[openstack-dev] Thoughts on the patch test failure rate and moving forward
Robert Collins
robertc at robertcollins.net
Fri Jul 25 21:50:01 UTC 2014
On 26 July 2014 08:20, Matthew Treinish <mtreinish at kortar.org> wrote:
>> This is also more of a pragmatic organic approach to figuring out the
>> interfaces we need to lock down. When one projects breaks depending on
>> an interface in another project, that should trigger this kind of
>> contract growth, which hopefully formally turns into a document later
>> for a stable interface.
>
> So notifications are a good example of this, but I think how we handled this
> is also an example of what not to do. The order was backwards, there should
> have been a stability guarantee upfront, with a versioning mechanism on
> notifications when another project started relying on using them. The fact that
> there are at least 2 ML threads on how to fix and test this at this point in
> ceilometer's life seems like a poor way to handle it. I don't want to see us
> repeat this by allowing cross-project interactions to depend on unstable
> interfaces.
+1
> I agree that there is a scaling issue, our variable testing quality and coverage
> between all the projects in the tempest tree is proof enough of this. I just
> don't want to see us lose the protection we have against inadvertent changes.

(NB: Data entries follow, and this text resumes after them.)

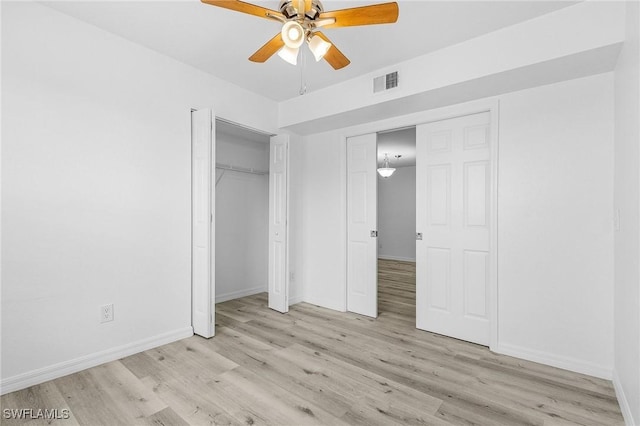 5731 Foxlake Dr Unit 1, North Fort Myers, FL 33917 - unfurnished bedroom featuring baseboards, visible vents, and light wood-style flooring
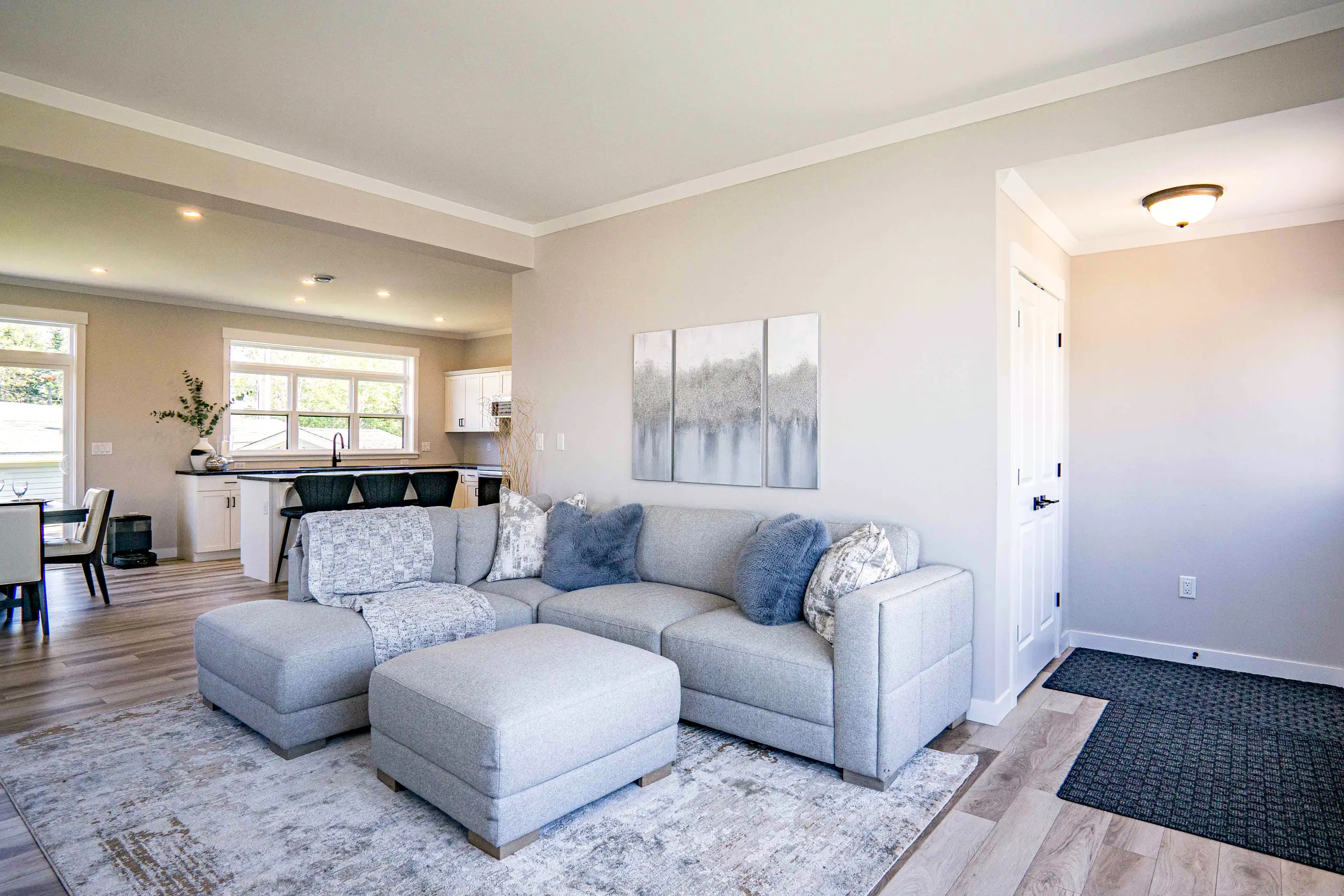 Bright open-concept living room featuring a light grey sectional sofa, ottoman, neutral décor, and views into the kitchen and dining area. 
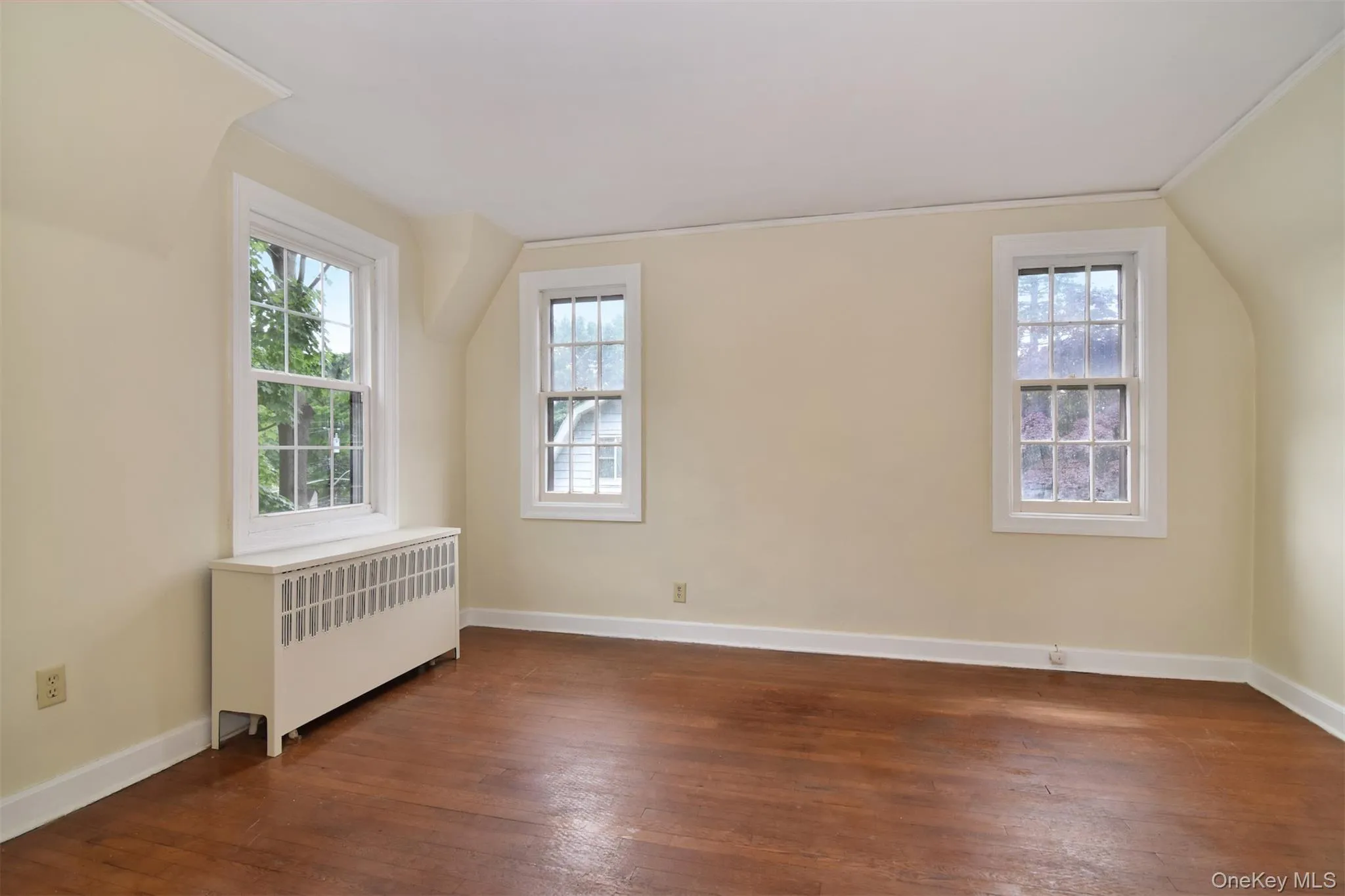 Room featuring three double-hung windows, rich hardwood flooring, and a white radiator cover Room featuring three double-hung windows, rich hardwood flooring, and a white radiator cover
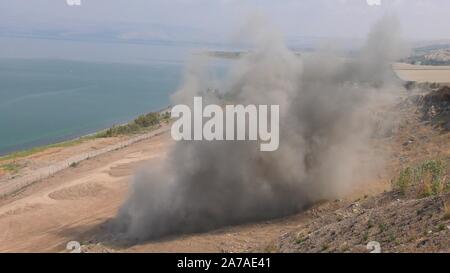 Enginers of 4M defense with protective gear inspecting an old Syrian minefield just before clearing the mines on Gofra beach in the sea of Galilee, Israel Stock Photo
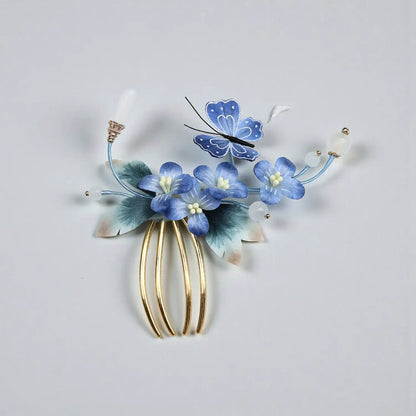 Decorative hair comb with blue flowers and a butterfly on a light gray background
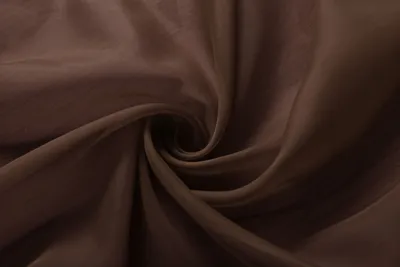 A close-up swirl of brown fabric.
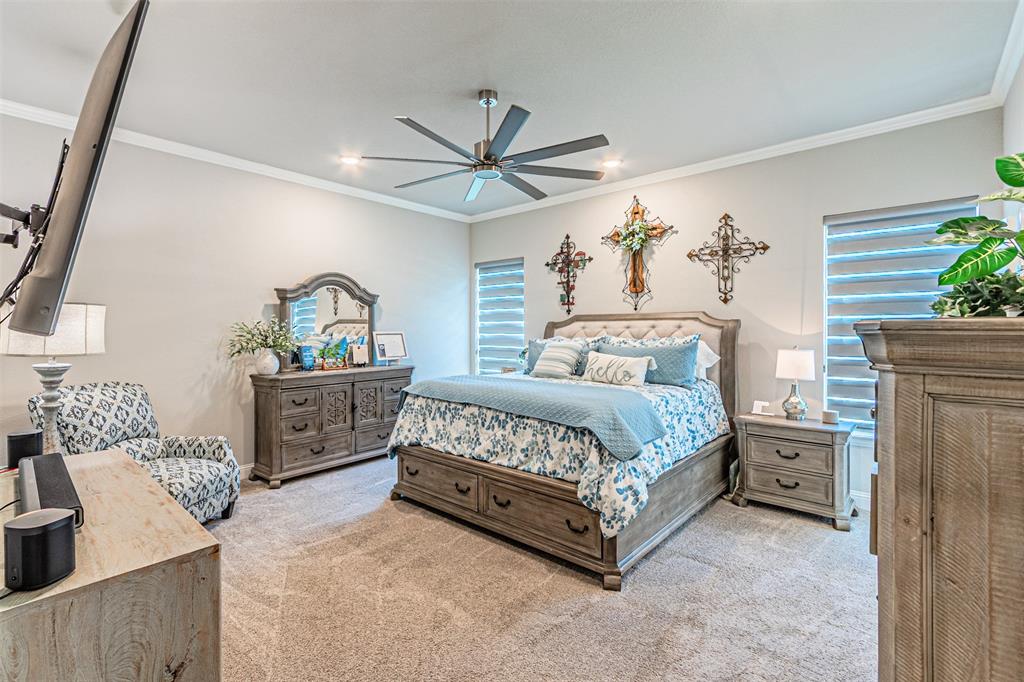 1009 Henry Way Springtown, TX 76082 - Photo 22 of 40 Carpeted bedroom featuring crown molding, ceiling fan, and recessed lighting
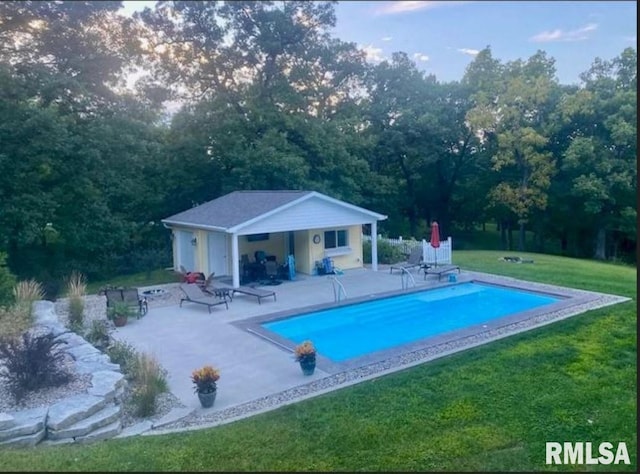 pool featuring an outbuilding, a yard, a patio area, and an exterior structure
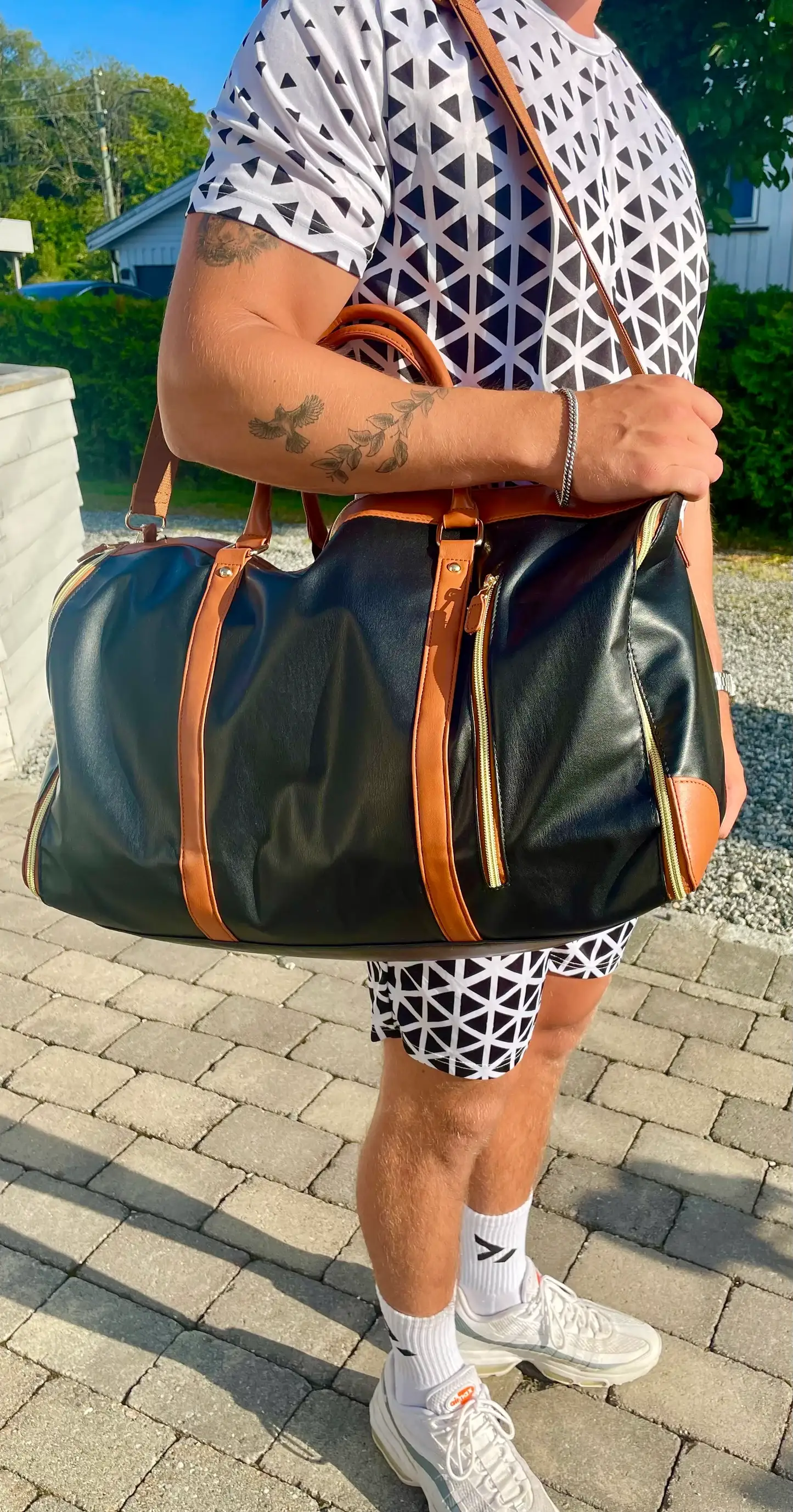 Svart reisebag med brune detaljer bæres av en person i mønstrede klær utendørs på brostein, med en lys bolig og grønne busker i bakgrunnen.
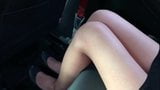 Legs and pantyose in a car snapshot 2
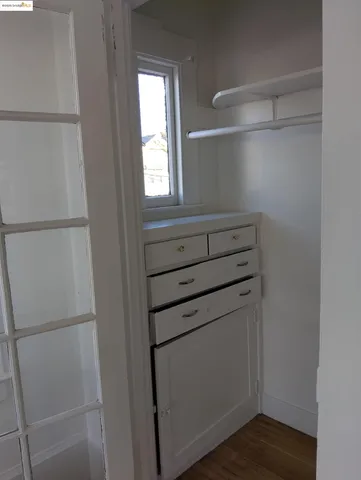 a kitchen with granite countertop a sink and a stove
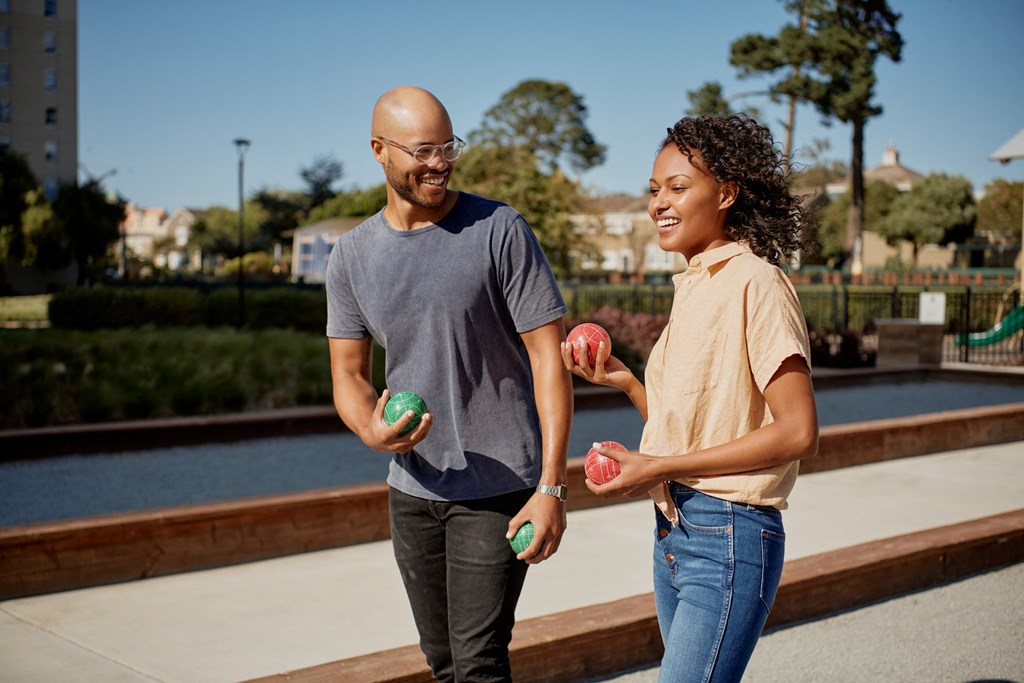 a man and a woman holding apples in a park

> Having the friction of something like the tempest two step is important, we've
> blocked a lot of breaking api changes because of this.
>
> The other thing to consider is that when we adopted branchless tempest part of
> the goal there was to ensure the consistency between release boundaries. If
> we're really advocating dropping most of the API coverage out of tempest part of
> the story needs to be around how we prevent things from slipping between release
> boundaries too.
I'm also worried about the impact on TripleO - we run everything
together functionally, and we've been aiming at the gate since
forever: we need more stability, and I'm worried that this may lead to
less. I don't think more lock-down and a bigger matrix is needed - and
I support doing an experiment to see if we end up in a better place.
Still worried :).
> But, having worked on this stuff for ~2 years I can say from personal experience
> that every project slips when it comes to API stability, despite the best
> intentions, unless there was test coverage for it. I don't want to see us open
> the flood gates on this just because we've gotten ourselves into a bad situation
> with the state of the gate.
+1
>> Our current model leans far too much on the idea of the only time we
>> ever try to test things for real is when we throw all 1 million lines of
>> source code into one pot and stir. It really shouldn't be surprising how
>> many bugs shake out there. And this is the wrong layer to debug from, so
>> I firmly believe we need to change this back to something we can
>> actually manage to shake the bugs out with. Because right now we're
>> finding them, but our infrastructure isn't optimized for fixing them,
>> and we need to change that.
>>
>
> I agree a layered approach is best, I'm not disagreeing on that point. I just am
> not sure how much we really should be decreasing the scope of Tempest as the top
> layer around the api tests. I don't think we should too much just because we
> beefing up the middle with improved functional testing. In my view having some
> duplication between the layers is fine and desirable actually.
>
> Anyway, I feel like I'm diverging this thread off into a different area, so I'll
> shoot off a separate thread on the topic of scale and scope of Tempest and the
> new in-tree project specific functional tests. But to summarize, what I think we
> should be clear about at the high level for this thread is that for right now is
> that for the short term we aren't changing the scope of Tempest. Instead we
> should just be vigilant in managing tempest's growth (which we've been trying to
> do already) We can revisit the discussion of decreasing Tempest's size once
> everyone's figured out the per project functional testing. This will also give
> us time to collect longer term data about test stability in the gate so we can
> figure out which things are actually valuable to have in tempest. I think this
> is what probably got lost in the noise here but has been discussed elsewhere.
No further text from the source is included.